[Short text fragments from websites]
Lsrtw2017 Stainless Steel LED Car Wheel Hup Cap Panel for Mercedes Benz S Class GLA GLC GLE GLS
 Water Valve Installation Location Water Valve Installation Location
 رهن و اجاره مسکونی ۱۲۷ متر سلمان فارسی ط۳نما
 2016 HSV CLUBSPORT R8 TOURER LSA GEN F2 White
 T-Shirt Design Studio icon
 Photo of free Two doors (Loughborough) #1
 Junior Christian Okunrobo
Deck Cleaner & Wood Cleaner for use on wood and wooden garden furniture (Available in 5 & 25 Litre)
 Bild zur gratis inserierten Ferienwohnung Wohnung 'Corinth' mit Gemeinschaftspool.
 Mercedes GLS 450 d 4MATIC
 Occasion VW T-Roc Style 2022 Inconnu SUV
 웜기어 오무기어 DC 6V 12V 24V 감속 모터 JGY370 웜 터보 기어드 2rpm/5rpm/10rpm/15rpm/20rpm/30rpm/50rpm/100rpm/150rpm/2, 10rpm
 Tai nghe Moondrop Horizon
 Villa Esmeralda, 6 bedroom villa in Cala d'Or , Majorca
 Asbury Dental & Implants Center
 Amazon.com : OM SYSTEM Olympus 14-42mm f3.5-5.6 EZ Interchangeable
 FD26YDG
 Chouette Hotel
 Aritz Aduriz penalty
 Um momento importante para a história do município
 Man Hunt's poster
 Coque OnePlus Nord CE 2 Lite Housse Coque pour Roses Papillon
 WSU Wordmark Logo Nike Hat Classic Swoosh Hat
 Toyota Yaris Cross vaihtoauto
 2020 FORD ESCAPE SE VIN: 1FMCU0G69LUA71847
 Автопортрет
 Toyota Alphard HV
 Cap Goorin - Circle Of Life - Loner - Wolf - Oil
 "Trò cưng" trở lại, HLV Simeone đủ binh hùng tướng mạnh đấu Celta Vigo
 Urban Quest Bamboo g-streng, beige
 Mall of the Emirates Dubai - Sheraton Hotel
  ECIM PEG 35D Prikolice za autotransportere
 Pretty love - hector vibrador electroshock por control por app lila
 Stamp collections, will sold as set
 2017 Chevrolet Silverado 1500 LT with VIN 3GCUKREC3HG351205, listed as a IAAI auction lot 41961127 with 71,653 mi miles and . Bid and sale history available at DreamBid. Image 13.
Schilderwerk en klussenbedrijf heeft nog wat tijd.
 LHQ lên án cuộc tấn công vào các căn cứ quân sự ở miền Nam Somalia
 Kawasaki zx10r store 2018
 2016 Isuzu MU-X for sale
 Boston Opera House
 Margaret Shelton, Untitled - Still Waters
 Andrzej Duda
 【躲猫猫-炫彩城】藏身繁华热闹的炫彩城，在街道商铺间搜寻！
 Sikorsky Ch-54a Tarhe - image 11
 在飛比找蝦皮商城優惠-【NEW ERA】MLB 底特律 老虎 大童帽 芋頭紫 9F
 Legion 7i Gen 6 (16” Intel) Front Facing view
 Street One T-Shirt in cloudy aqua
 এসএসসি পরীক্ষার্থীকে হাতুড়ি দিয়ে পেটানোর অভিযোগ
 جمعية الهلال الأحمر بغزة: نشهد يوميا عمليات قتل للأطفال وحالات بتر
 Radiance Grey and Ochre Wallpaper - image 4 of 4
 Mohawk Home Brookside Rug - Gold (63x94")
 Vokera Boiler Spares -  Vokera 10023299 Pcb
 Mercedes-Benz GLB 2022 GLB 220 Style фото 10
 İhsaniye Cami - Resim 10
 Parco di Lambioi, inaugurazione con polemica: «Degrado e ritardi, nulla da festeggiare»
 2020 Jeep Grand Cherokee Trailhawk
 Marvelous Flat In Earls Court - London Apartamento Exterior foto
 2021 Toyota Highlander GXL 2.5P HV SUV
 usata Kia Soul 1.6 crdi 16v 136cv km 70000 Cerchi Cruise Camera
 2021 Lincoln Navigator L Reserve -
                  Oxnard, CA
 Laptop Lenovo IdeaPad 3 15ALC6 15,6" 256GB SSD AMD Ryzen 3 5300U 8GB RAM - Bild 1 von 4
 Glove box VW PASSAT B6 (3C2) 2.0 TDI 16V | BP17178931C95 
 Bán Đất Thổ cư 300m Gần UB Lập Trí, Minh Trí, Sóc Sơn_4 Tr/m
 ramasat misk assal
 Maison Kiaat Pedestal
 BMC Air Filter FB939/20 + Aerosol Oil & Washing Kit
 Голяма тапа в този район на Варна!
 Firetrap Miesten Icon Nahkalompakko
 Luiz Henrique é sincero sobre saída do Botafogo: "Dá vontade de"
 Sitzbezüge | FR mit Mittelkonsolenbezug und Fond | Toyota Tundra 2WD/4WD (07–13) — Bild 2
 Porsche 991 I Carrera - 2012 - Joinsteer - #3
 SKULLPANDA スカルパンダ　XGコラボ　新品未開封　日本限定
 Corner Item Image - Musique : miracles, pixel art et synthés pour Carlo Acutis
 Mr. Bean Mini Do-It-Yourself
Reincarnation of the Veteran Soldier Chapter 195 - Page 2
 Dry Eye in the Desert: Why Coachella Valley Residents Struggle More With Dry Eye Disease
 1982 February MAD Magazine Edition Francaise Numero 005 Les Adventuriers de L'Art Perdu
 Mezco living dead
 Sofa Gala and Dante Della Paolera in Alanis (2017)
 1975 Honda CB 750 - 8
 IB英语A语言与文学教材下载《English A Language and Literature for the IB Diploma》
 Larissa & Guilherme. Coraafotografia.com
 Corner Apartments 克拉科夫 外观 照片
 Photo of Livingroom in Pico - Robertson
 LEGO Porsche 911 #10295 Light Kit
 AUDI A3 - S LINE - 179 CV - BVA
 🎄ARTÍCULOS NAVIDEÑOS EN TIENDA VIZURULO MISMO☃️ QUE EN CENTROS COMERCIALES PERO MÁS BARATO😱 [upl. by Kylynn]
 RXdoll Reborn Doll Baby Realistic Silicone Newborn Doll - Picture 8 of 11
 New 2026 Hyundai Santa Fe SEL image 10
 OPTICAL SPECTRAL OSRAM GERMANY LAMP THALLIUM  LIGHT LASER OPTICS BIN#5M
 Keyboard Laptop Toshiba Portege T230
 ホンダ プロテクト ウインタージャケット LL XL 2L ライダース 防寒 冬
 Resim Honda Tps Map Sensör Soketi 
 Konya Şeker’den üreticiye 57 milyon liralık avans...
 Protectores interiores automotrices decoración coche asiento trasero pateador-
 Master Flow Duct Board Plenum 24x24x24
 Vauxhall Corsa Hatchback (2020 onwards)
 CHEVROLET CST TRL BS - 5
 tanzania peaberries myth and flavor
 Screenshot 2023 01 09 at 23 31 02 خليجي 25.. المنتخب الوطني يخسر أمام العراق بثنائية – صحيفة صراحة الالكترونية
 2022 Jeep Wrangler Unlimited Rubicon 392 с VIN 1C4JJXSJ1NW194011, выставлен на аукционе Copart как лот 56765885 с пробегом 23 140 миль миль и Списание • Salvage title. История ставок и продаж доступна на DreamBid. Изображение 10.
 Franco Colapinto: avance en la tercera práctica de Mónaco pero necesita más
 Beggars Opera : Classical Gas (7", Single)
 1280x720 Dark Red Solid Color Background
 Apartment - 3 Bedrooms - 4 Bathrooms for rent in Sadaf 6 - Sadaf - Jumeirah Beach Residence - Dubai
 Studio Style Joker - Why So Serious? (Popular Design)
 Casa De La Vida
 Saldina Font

> **What needs to be done**:
An exact restatement of all the entries above is needed.

> **Answer below**:
Lsrtw2017 Stainless Steel LED Car Wheel Hup Cap Panel for Mercedes Benz S Class GLA GLC GLE GLS
 Water Valve Installation Location Water Valve Installation Location
 رهن و اجاره مسکونی ۱۲۷ متر سلمان فارسی ط۳نما
 2016 HSV CLUBSPORT R8 TOURER LSA GEN F2 White
 T-Shirt Design Studio icon
 Photo of free Two doors (Loughborough) #1
 Junior Christian Okunrobo
Deck Cleaner & Wood Cleaner for use on wood and wooden garden furniture (Available in 5 & 25 Litre)
 Bild zur gratis inserierten Ferienwohnung Wohnung 'Corinth' mit Gemeinschaftspool.
 Mercedes GLS 450 d 4MATIC
 Occasion VW T-Roc Style 2022 Inconnu SUV
 웜기어 오무기어 DC 6V 12V 24V 감속 모터 JGY370 웜 터보 기어드 2rpm/5rpm/10rpm/15rpm/20rpm/30rpm/50rpm/100rpm/150rpm/2, 10rpm
 Tai nghe Moondrop Horizon
 Villa Esmeralda, 6 bedroom villa in Cala d'Or , Majorca
 Asbury Dental & Implants Center
 Amazon.com : OM SYSTEM Olympus 14-42mm f3.5-5.6 EZ Interchangeable
 FD26YDG
 Chouette Hotel
 Aritz Aduriz penalty
 Um momento importante para a história do município
 Man Hunt's poster
 Coque OnePlus Nord CE 2 Lite Housse Coque pour Roses Papillon
 WSU Wordmark Logo Nike Hat Classic Swoosh Hat
 Toyota Yaris Cross vaihtoauto
 2020 FORD ESCAPE SE VIN: 1FMCU0G69LUA71847
 Автопортрет
 Toyota Alphard HV
 Cap Goorin - Circle Of Life - Loner - Wolf - Oil
 "Trò cưng" trở lại, HLV Simeone đủ binh hùng tướng mạnh đấu Celta Vigo
 Urban Quest Bamboo g-streng, beige
 Mall of the Emirates Dubai - Sheraton Hotel
  ECIM PEG 35D Prikolice za autotransportere
 Pretty love - hector vibrador electroshock por control por app lila
 Stamp collections, will sold as set
 2017 Chevrolet Silverado 1500 LT with VIN 3GCUKREC3HG351205, listed as a IAAI auction lot 41961127 with 71,653 mi miles and . Bid and sale history available at DreamBid. Image 13.
Schilderwerk en klussenbedrijf heeft nog wat tijd.
 LHQ lên án cuộc tấn công vào các căn cứ quân sự ở miền Nam Somalia
 Kawasaki zx10r store 2018
 2016 Isuzu MU-X for sale
 Boston Opera House
 Margaret Shelton, Untitled - Still Waters
 Andrzej Duda
 【躲猫猫-炫彩城】藏身繁华热闹的炫彩城，在街道商铺间搜寻！
 Sikorsky Ch-54a Tarhe - image 11
 在飛比找蝦皮商城優惠-【NEW ERA】MLB 底特律 老虎 大童帽 芋頭紫 9F
 Legion 7i Gen 6 (16” Intel) Front Facing view
 Street One T-Shirt in cloudy aqua
 এসএসসি পরীক্ষার্থীকে হাতুড়ি দিয়ে পেটানোর অভিযোগ
 جمعية الهلال الأحمر بغزة: نشهد يوميا عمليات قتل للأطفال وحالات بتر
 Radiance Grey and Ochre Wallpaper - image 4 of 4
 Mohawk Home Brookside Rug - Gold (63x94")
 Vokera Boiler Spares -  Vokera 10023299 Pcb
 Mercedes-Benz GLB 2022 GLB 220 Style фото 10
 İhsaniye Cami - Resim 10
 Parco di Lambioi, inaugurazione con polemica: «Degrado e ritardi, nulla da festeggiare»
 2020 Jeep Grand Cherokee Trailhawk
 Marvelous Flat In Earls Court - London Apartamento Exterior foto
 2021 Toyota Highlander GXL 2.5P HV SUV
 usata Kia Soul 1.6 crdi 16v 136cv km 70000 Cerchi Cruise Camera
 2021 Lincoln Navigator L Reserve -
                  Oxnard, CA
 Laptop Lenovo IdeaPad 3 15ALC6 15,6" 256GB SSD AMD Ryzen 3 5300U 8GB RAM - Bild 1 von 4
 Glove box VW PASSAT B6 (3C2) 2.0 TDI 16V | BP17178931C95 
 Bán Đất Thổ cư 300m Gần UB Lập Trí, Minh Trí, Sóc Sơn_4 Tr/m
 ramasat misk assal
 Maison Kiaat Pedestal
 BMC Air Filter FB939/20 + Aerosol Oil & Washing Kit
 Голяма тапа в този район на Варна!
 Firetrap Miesten Icon Nahkalompakko
 Luiz Henrique é sincero sobre saída do Botafogo: "Dá vontade de"
 Sitzbezüge | FR mit Mittelkonsolenbezug und Fond | Toyota Tundra 2WD/4WD (07–13) — Bild 2
 Porsche 991 I Carrera - 2012 - Joinsteer - #3
 SKULLPANDA スカルパンダ　XGコラボ　新品未開封　日本限定
 Corner Item Image - Musique : miracles, pixel art et synthés pour Carlo Acutis
 Mr. Bean Mini Do-It-Yourself
Reincarnation of the Veteran Soldier Chapter 195 - Page 2
 Dry Eye in the Desert: Why Coachella Valley Residents Struggle More With Dry Eye Disease
 1982 February MAD Magazine Edition Francaise Numero 005 Les Adventuriers de L'Art Perdu
 Mezco living dead
 Sofa Gala and Dante Della Paolera in Alanis (2017)
 1975 Honda CB 750 - 8
 IB英语A语言与文学教材下载《English A Language and Literature for the IB Diploma》
 Larissa & Guilherme. Coraafotografia.com
 Corner Apartments 克拉科夫 外观 照片
 Photo of Livingroom in Pico - Robertson
 LEGO Porsche 911 #10295 Light Kit
 AUDI A3 - S LINE - 179 CV - BVA
 🎄ARTÍCULOS NAVIDEÑOS EN TIENDA VIZURULO MISMO☃️ QUE EN CENTROS COMERCIALES PERO MÁS BARATO😱 [upl. by Kylynn]
 RXdoll Reborn Doll Baby Realistic Silicone Newborn Doll - Picture 8 of 11
 New 2026 Hyundai Santa Fe SEL image 10
 OPTICAL SPECTRAL OSRAM GERMANY LAMP THALLIUM  LIGHT LASER OPTICS BIN#5M
 Keyboard Laptop Toshiba Portege T230
 ホンダ プロテクト ウインタージャケット LL XL 2L ライダース 防寒 冬
 Resim Honda Tps Map Sensör Soketi 
 Konya Şeker’den üreticiye 57 milyon liralık avans...
 Protectores interiores automotrices decoración coche asiento trasero pateador-
 Master Flow Duct Board Plenum 24x24x24
 Vauxhall Corsa Hatchback (2020 onwards)
 CHEVROLET CST TRL BS - 5
 tanzania peaberries myth and flavor
 Screenshot 2023 01 09 at 23 31 02 خليجي 25.. المنتخب الوطني يخسر أمام العراق بثنائية – صحيفة صراحة الالكترونية
 2022 Jeep Wrangler Unlimited Rubicon 392 с VIN 1C4JJXSJ1NW194011, выставлен на аукционе Copart как лот 56765885 с пробегом 23 140 миль миль и Списание • Salvage title. История ставок и продаж доступна на DreamBid. Изображение 10.
 Franco Colapinto: avance en la tercera práctica de Mónaco pero necesita más
 Beggars Opera : Classical Gas (7", Single)
 1280x720 Dark Red Solid Color Background
 Apartment - 3 Bedrooms - 4 Bathrooms for rent in Sadaf 6 - Sadaf - Jumeirah Beach Residence - Dubai
 Studio Style Joker - Why So Serious? (Popular Design)
 Casa De La Vida
 Saldina Font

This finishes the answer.